◆ What to do
Transcribe the entries below word for word, beginning at the line with "Epson Perfection V850, professioneller" and stopping after the line with "LOEWE Burgundy Leather"; drop all pictures.

[Opening Data shown section]

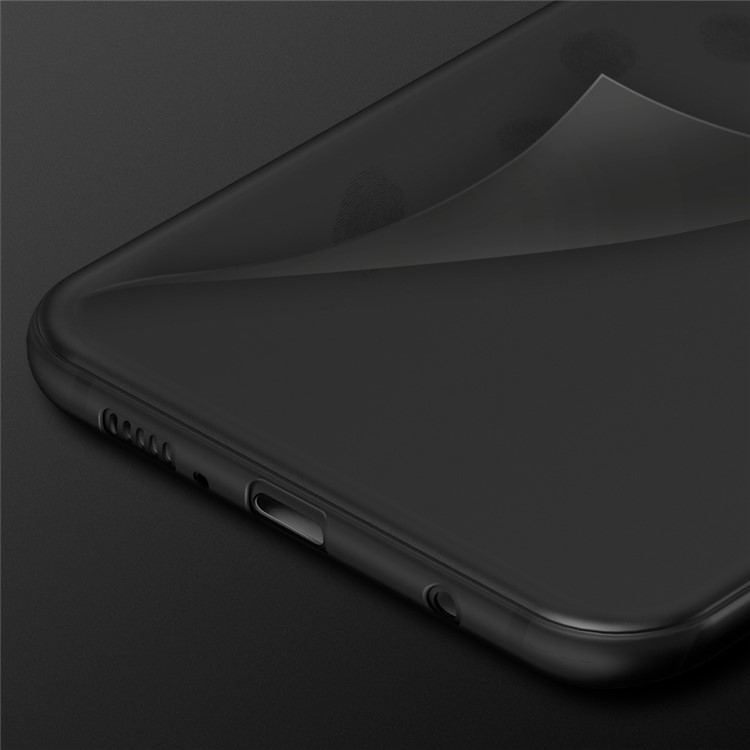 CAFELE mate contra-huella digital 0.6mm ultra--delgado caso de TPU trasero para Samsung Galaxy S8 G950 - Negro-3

[Closing Data shown section]
[Opening Data shown section]

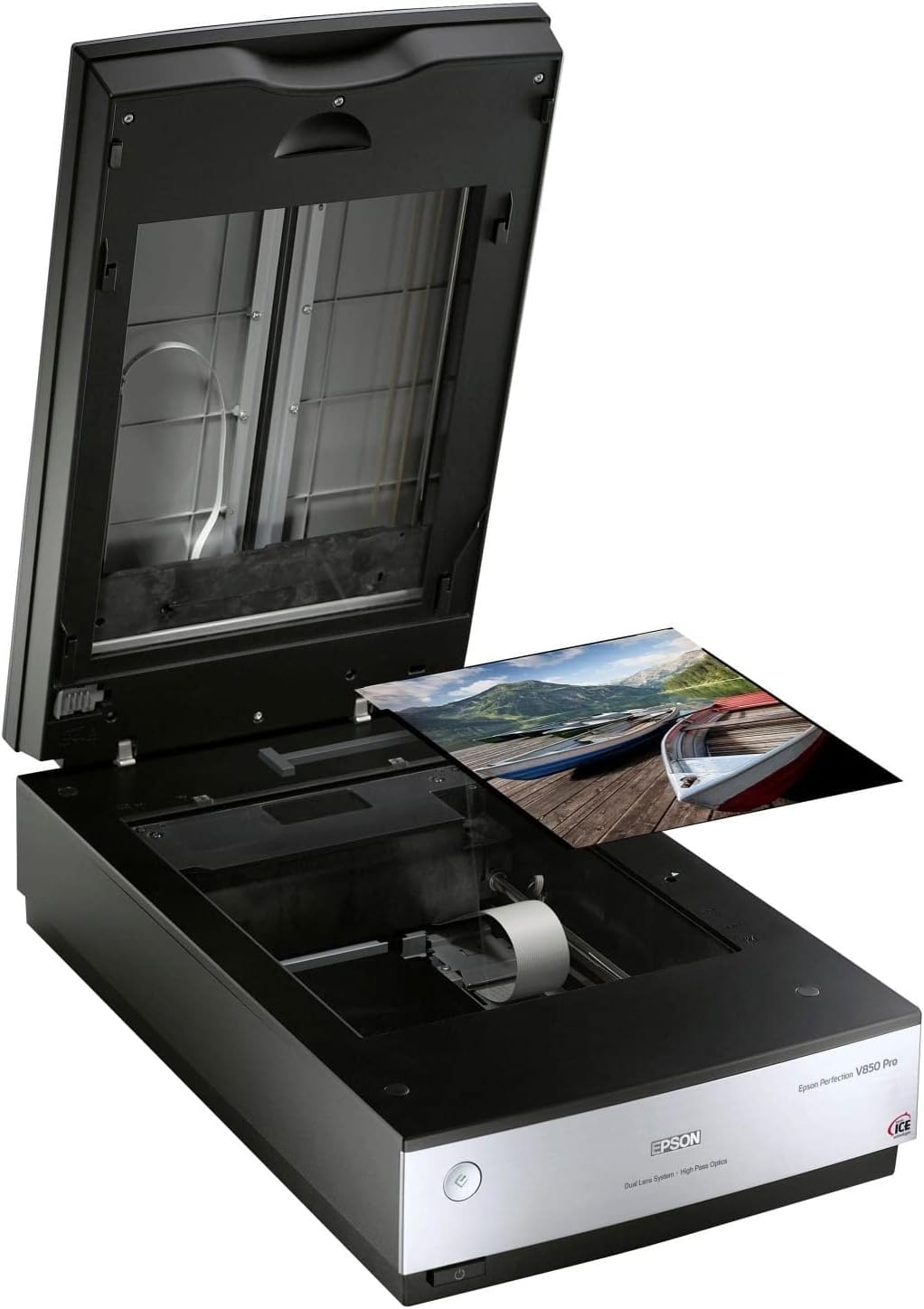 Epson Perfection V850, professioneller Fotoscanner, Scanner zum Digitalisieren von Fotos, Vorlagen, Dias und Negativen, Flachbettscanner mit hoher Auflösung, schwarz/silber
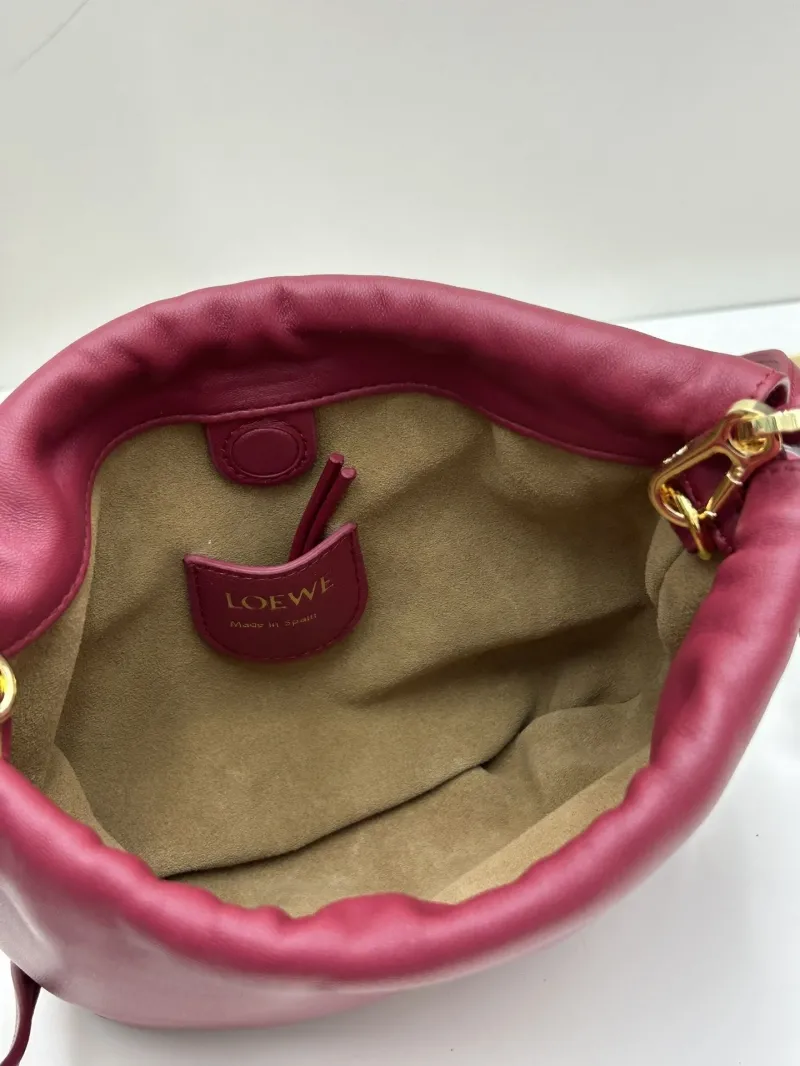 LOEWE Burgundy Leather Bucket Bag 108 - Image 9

[Closing Data shown section]

◆ Solution to the exercise
 Epson Perfection V850, professioneller Fotoscanner, Scanner zum Digitalisieren von Fotos, Vorlagen, Dias und Negativen, Flachbettscanner mit hoher Auflösung, schwarz/silber
 LOEWE Burgundy Leather Bucket Bag 108 - Image 9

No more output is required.